Local Motors provides the innovators with the tools to co-create new hardware solutions and bring them to market through high-efficiency, local micro-manufacturing. While the company has been focused on creating vehicles that are more localized (pooling together a community’s talents, needs, and resources), Local Motors has gradually moved into different verticals, utilizing the same collaborative efforts of the community. In the video below, Fishkin touches upon this localization of vehicles in the future, and his “Island Power” theory which claims that localities can utilize the resources from their communities, whether that’s human capital or local sources of alternative fuel.
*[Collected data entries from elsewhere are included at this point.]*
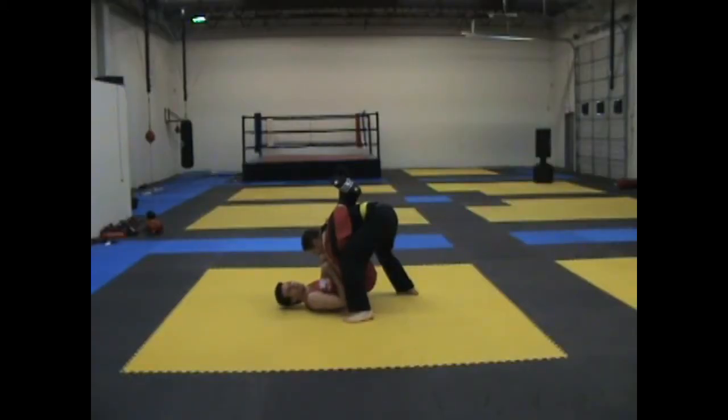Hi, welcome to MMA Made Easy, where we break down hard techniques for easy chumps. Today we're going to be looking at the transition from the stacked guard to the full guard.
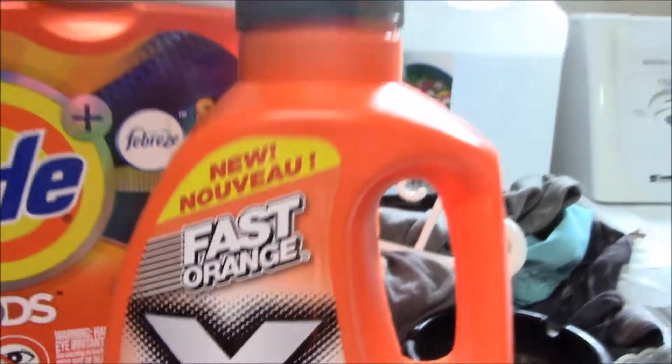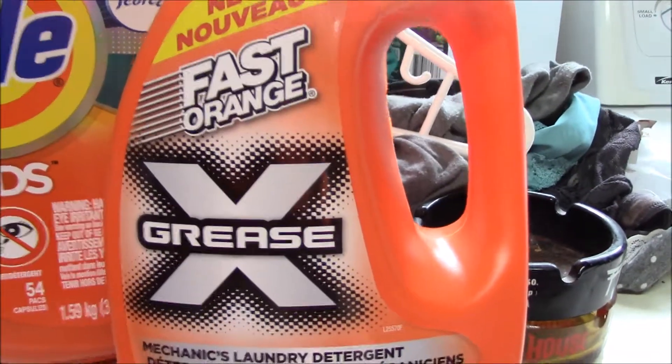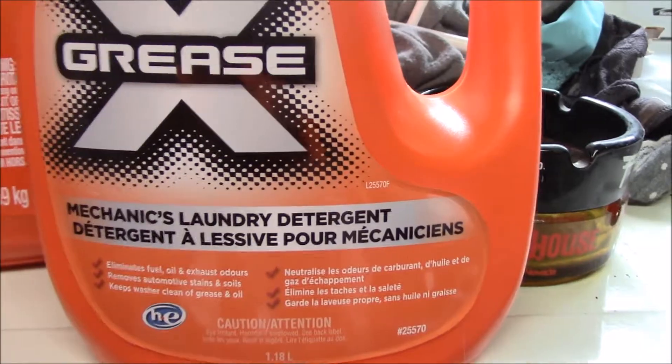Hey guys, we're going to try something a little different today. I just recently found this product — it is Fast Orange Grease Fighting Mechanics Laundry Detergent. So that made me wonder: is a Mechanics Laundry Detergent actually a thing? Will it actually get grease out of my clothes?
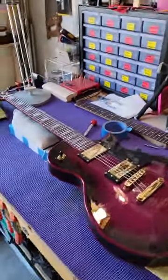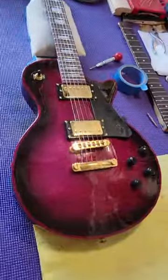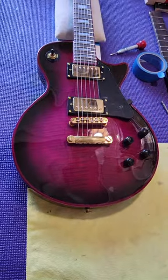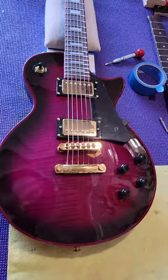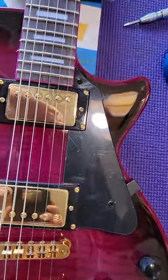Hi everybody, it's Kai Jacobson, Brother Jay, Guitars and Repair. My third customer, a good friend, brought me this today, and I installed this pickguard.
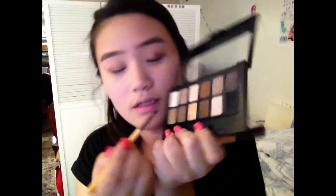Next I'm taking the second shade in the second row and putting that onto the outer half of my eyes, then blending it in with some of the other shadows we used earlier.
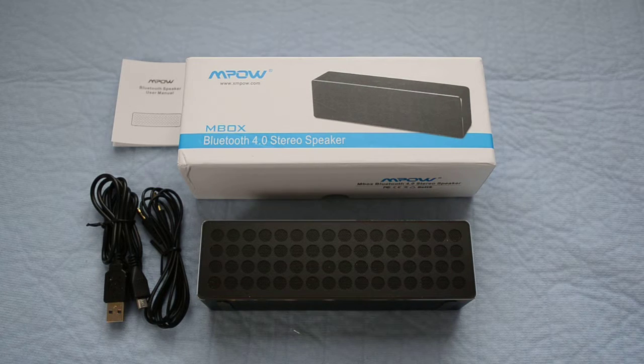Hey, how's it going? Today we have a product review from Empow. This is their M-Box, a Bluetooth 4.0 stereo speaker that actually has two strong speaker drivers and a powerful base radiator. It also features a built-in microphone for phone calls.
More remarkable, though, is Fishkin’s declaration that we have moved into this Third Industrial Revolution. And, according to him, much of this movement is focused on and attributed to the ability of “machines that make” (from small 3D printers to large manufacturing machines) to communicate using data around the world. In the past, he notes that people had to go through apprenticeships to learn about a particular thing in order to make it for themselves; today, we all have easy access to digital data, which you can then transmit to, say, a printer in Tokyo to have the idea for your thing take on physical form. He also noted that while the Second Industrial Revolution required the use of huge production lines and scale in order for companies of the past to create something, the digital capabilities of today are enabling companies like GE to easily create one thing for one person without that kind of investment.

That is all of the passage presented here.